[Collected data entries]
BEGIN
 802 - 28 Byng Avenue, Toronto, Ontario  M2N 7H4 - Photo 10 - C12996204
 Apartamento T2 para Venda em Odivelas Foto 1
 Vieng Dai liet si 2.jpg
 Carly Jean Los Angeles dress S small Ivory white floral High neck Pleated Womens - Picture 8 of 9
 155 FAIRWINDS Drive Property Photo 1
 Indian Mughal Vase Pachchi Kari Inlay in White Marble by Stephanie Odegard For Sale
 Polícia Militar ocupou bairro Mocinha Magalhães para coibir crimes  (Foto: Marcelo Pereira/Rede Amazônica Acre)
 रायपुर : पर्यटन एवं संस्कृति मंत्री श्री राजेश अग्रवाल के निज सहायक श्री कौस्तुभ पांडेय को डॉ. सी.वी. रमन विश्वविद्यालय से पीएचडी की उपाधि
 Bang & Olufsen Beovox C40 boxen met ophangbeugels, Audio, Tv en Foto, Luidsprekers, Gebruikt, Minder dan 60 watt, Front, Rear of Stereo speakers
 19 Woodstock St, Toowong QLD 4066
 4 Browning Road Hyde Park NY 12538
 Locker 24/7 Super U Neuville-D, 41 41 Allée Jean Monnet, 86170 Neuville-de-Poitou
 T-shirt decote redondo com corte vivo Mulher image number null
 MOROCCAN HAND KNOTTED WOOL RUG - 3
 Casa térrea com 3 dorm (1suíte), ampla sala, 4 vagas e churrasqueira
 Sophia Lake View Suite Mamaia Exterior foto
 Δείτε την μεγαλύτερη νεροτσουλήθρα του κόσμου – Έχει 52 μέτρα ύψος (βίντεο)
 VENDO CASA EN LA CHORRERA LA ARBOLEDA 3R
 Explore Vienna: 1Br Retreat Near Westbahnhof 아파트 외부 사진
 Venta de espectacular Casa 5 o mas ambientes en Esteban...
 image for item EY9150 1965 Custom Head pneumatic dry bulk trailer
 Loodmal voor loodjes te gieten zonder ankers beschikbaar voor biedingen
END
* _TASK PROMPT_
Look above for the line with "Locker 24/7 Super" and the line with "Sophia Lake View Suite Mamaia Exterior foto". Retype those two lines and every line between them exactly, adding nothing.

* _RESPONSE BELOW_
 Locker 24/7 Super U Neuville-D, 41 41 Allée Jean Monnet, 86170 Neuville-de-Poitou
 T-shirt decote redondo com corte vivo Mulher image number null
 MOROCCAN HAND KNOTTED WOOL RUG - 3
 Casa térrea com 3 dorm (1suíte), ampla sala, 4 vagas e churrasqueira
 Sophia Lake View Suite Mamaia Exterior foto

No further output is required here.